When copying the data below, keep only the lines from the one with "Toyota Avensis S/D 1.6 Executive" through the one with "4209 Dunning Lane Austin TX 78746", word for word, and skip the pictures.

• **Input data**
[Start of Attachment]
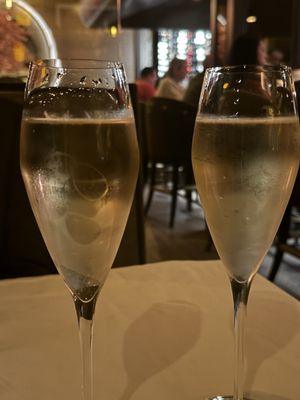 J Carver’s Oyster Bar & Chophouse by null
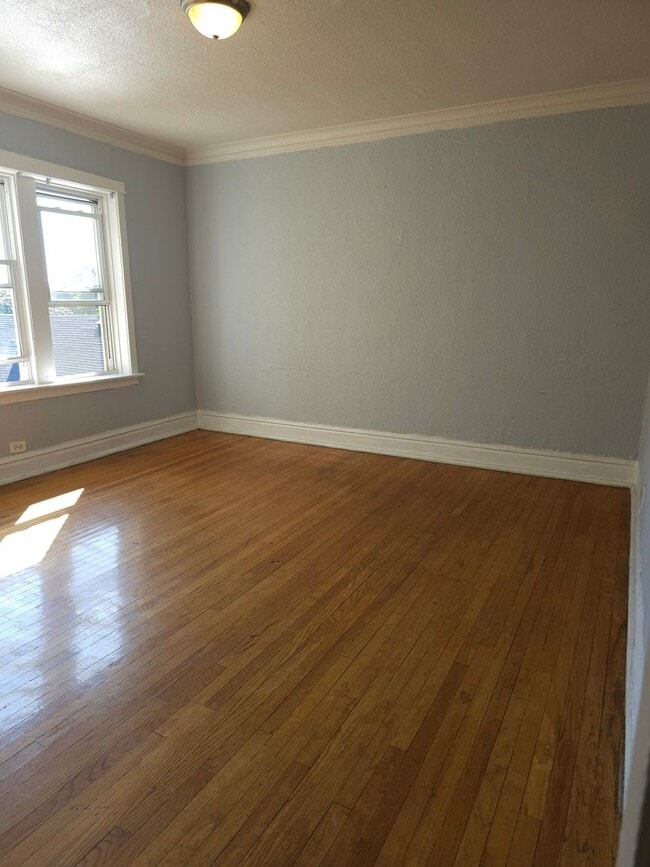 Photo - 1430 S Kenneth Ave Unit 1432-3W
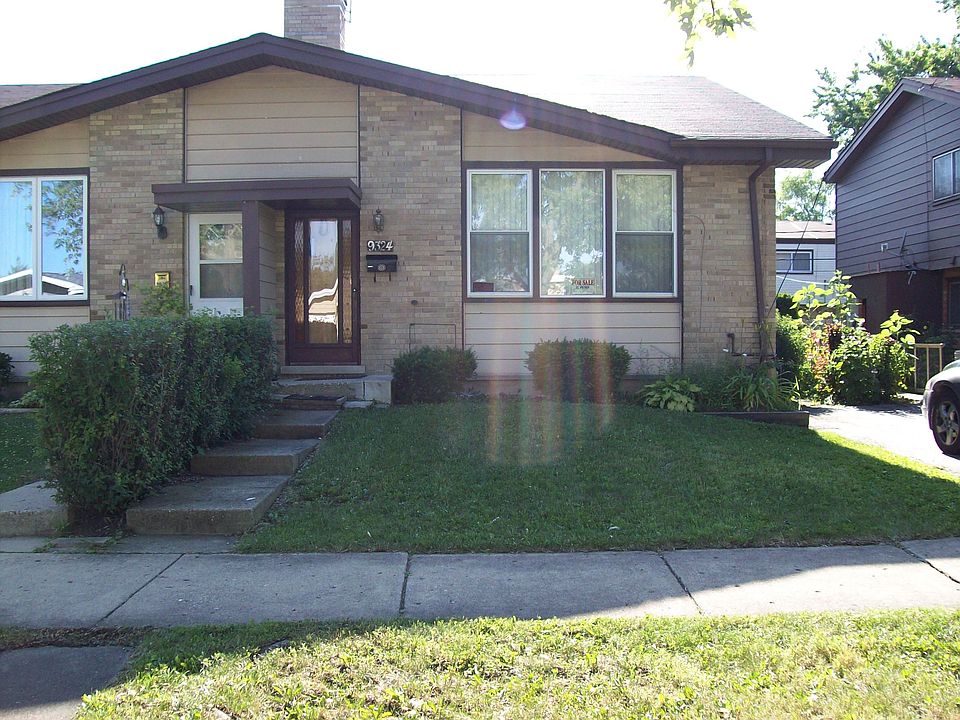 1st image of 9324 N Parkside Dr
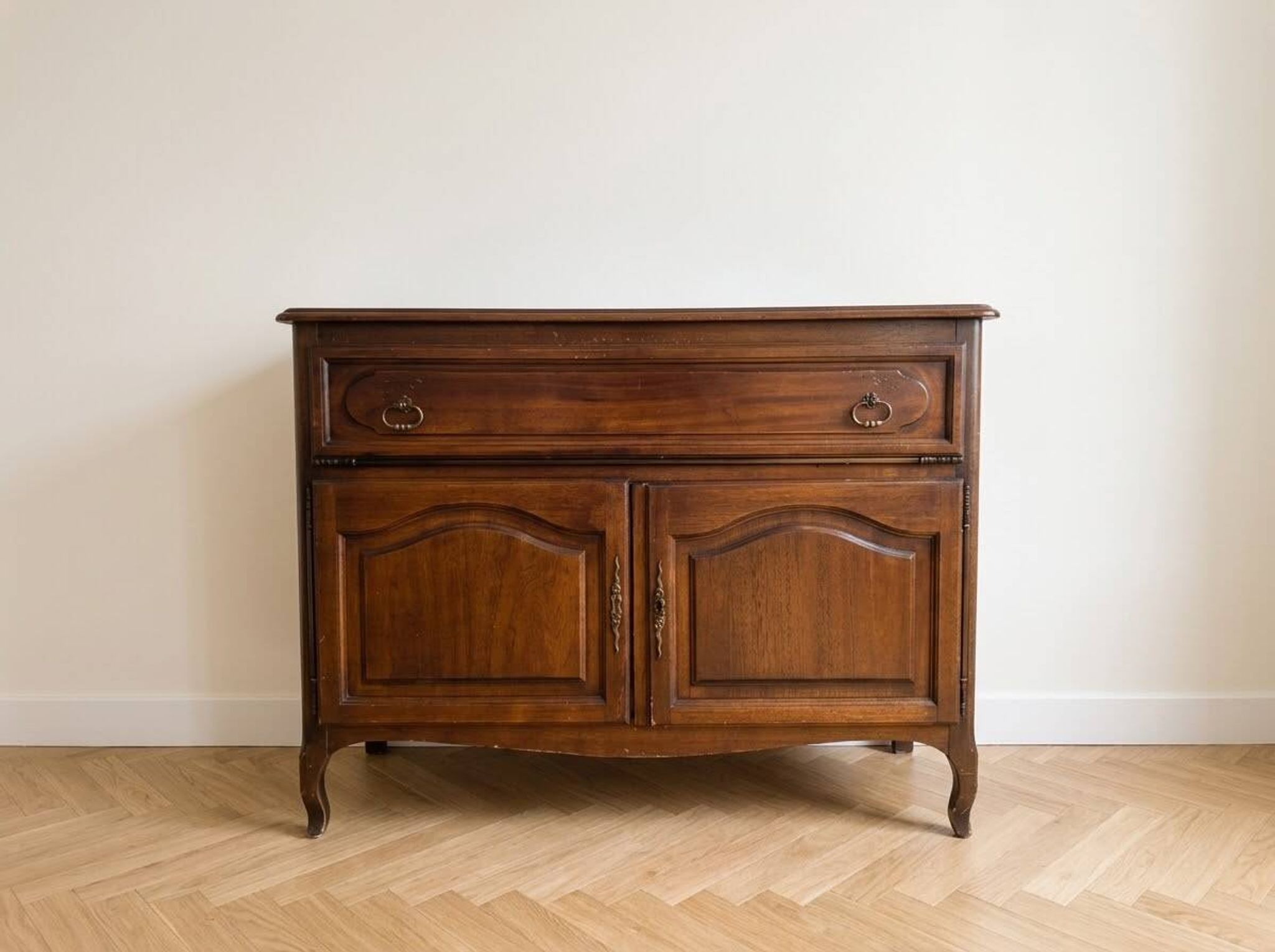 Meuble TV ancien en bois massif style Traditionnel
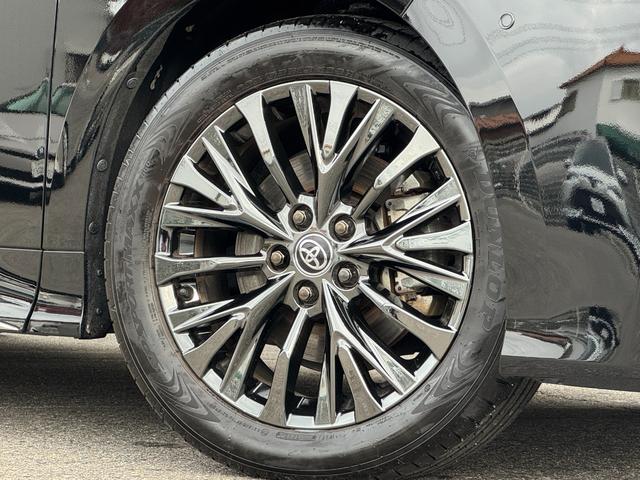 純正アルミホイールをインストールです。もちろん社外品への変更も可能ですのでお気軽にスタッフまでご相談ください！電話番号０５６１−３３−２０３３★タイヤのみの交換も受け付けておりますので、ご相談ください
[End of Attachment]
[Start of Attachment]
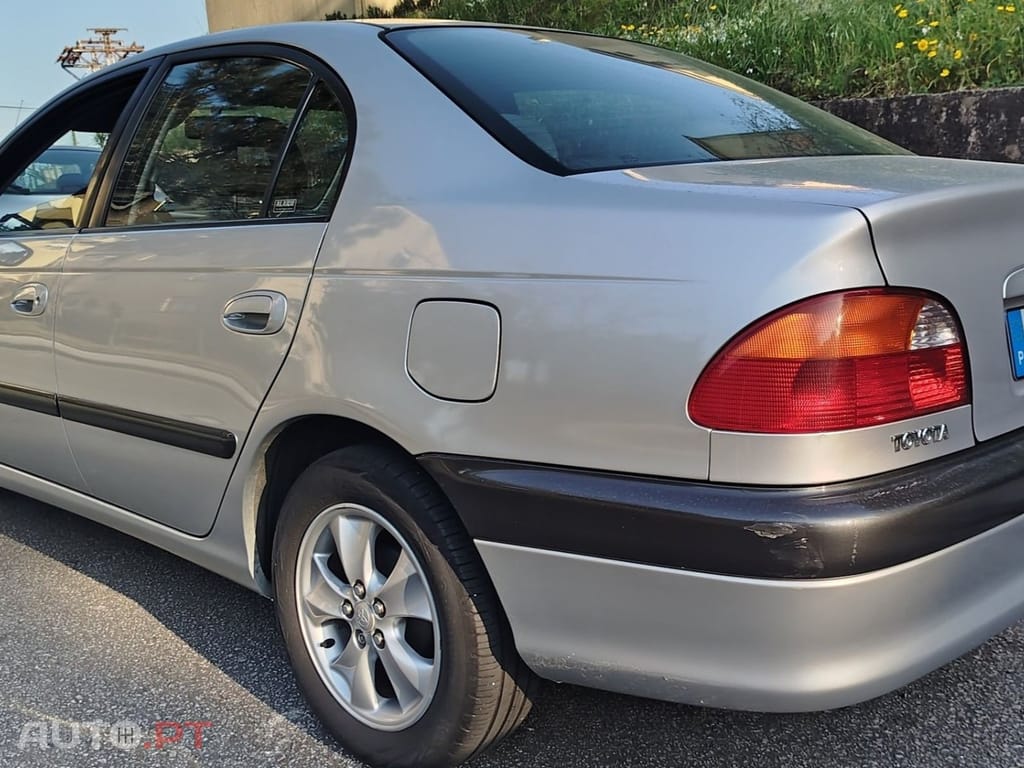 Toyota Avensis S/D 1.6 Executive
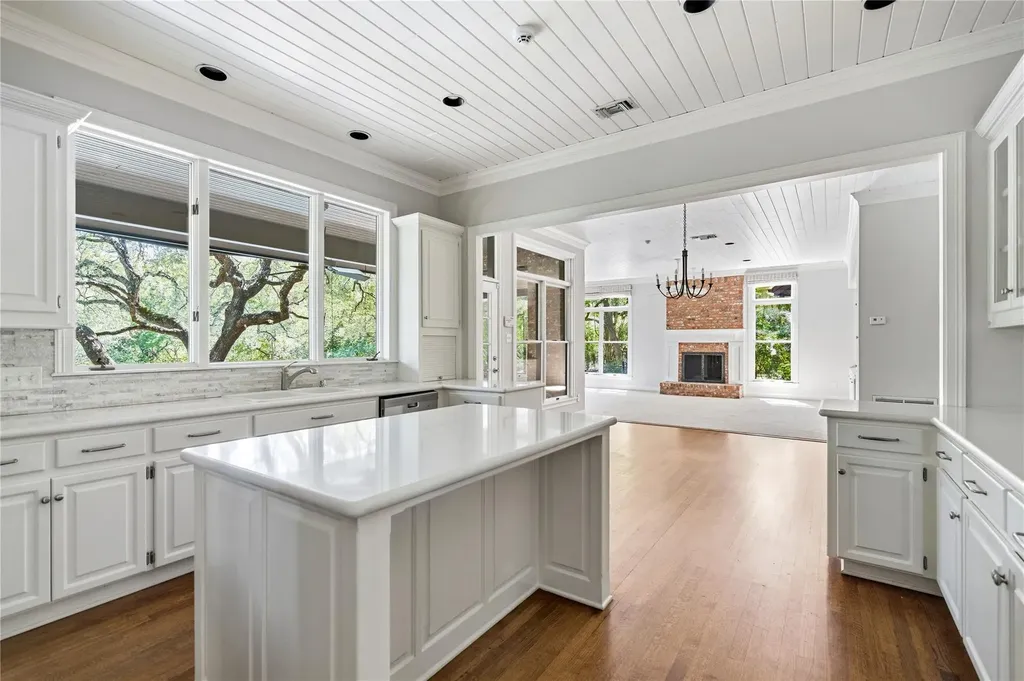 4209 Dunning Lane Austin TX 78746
[End of Attachment]
• **Response for this exercise**
 Toyota Avensis S/D 1.6 Executive
 4209 Dunning Lane Austin TX 78746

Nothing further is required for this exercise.